Durante siglos, la humanidad se ha empeñado en demostrar racionalmente su propia superioridad, como si cada avance científico fuera una reafirmación de que somos la cúspide de la creación. Incluso después de Darwin, y pese a todos los intentos por reconocer derechos a los animales no humanos, seguimos necesitados de sentirnos distintos, amos del planeta y guardianes exclusivos de la razón. Hemos hecho de la racionalidad una coartada moral para disponer de la naturaleza a nuestro antojo
Por eso resulta tan revelador que en una isla perdida en el lago Victoria, a pocos kilómetros de la línea del ecuador, un grupo de chimpancés rescatados del tráfico ilegal, quienes viven bajo la tutela de los científicos en el santuario de Ngamba, hayan demostrado que son capaces de cambiar sus creencias cuando reciben nueva información. Lo hacen de manera lógica, racional, metódica. Los investigadores afirman que los chimpancés revisan racionalmente sus creencias.

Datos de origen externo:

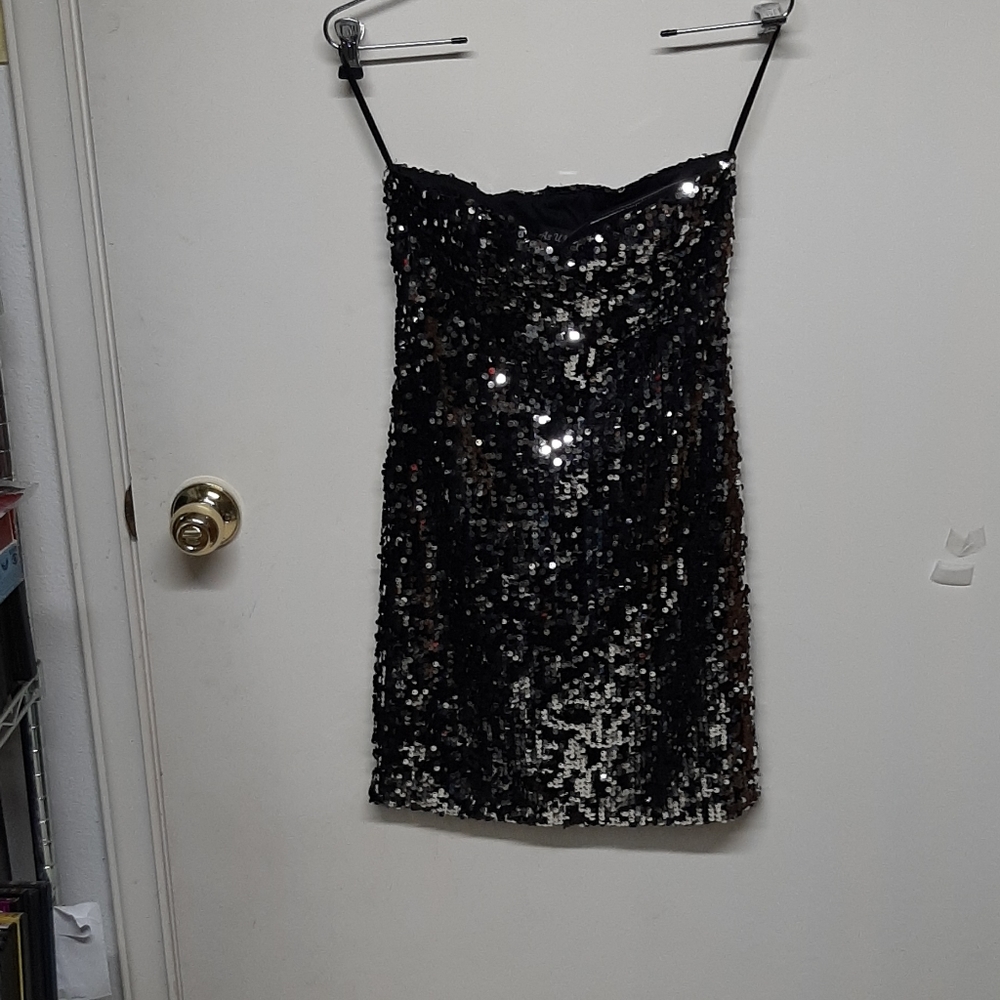 As You Wish, Short sequence dress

Durante siglos, los humanos hemos defendido la idea de que la razón era la muralla que nos separaba de los animales. Desde Aristóteles hasta la Ilustración, la racionalidad se presentó como una frontera, lo que nos hacía y definía como humanos. Pero los experimentos de Ngamba erosionan esa certeza. Los chimpancés distinguen entre evidencia fuerte y débil, recuerdan los pasos de un experimento, corrigen sus decisiones si descubren un error. No actúan por instinto, sino por reflexión. Mientras ellos demuestran que pueden cambiar de opinión ante nuevas pruebas, nosotros seguimos aferrados a la vieja creencia de que somos los únicos con derecho a pensar.

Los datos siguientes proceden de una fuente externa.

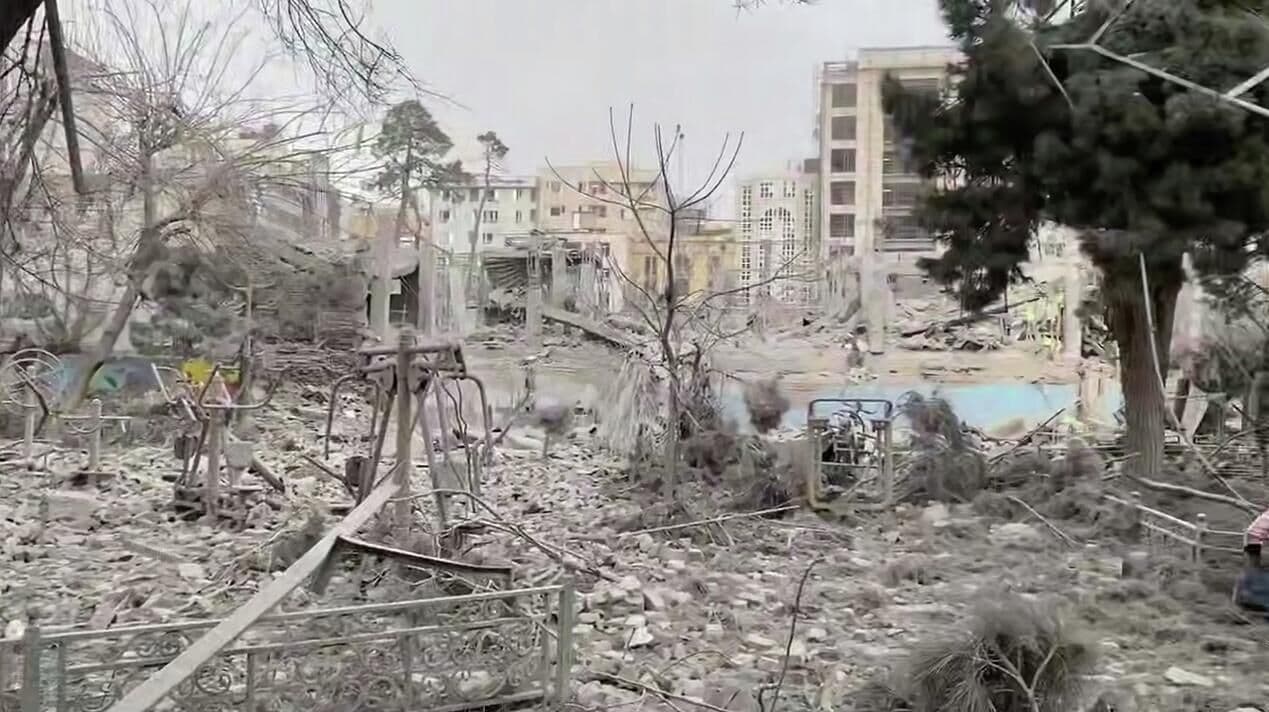 Игровое поле у школы на западе Тегерана повреждено от авиаудара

A la racionalidad se suma otro hallazgo reciente, quizá más impactante: los chimpancés también curan. En la selva de Budongo, los investigadores observaron cómo un grupo de chimpancés se aplicaban sobre sus heridas hojas masticadas de plantas con propiedades antibióticas, y cómo cuidaban a otros miembros del grupo, limpiando y tratando sus lesiones. En ese gesto —el de un chimpancé aplicando un emplasto vegetal sobre la herida de otro— hay algo que también consideramos profundamente humano. La ciencia lo llama conducta prosocial, llamémoslo, sin más, empatía.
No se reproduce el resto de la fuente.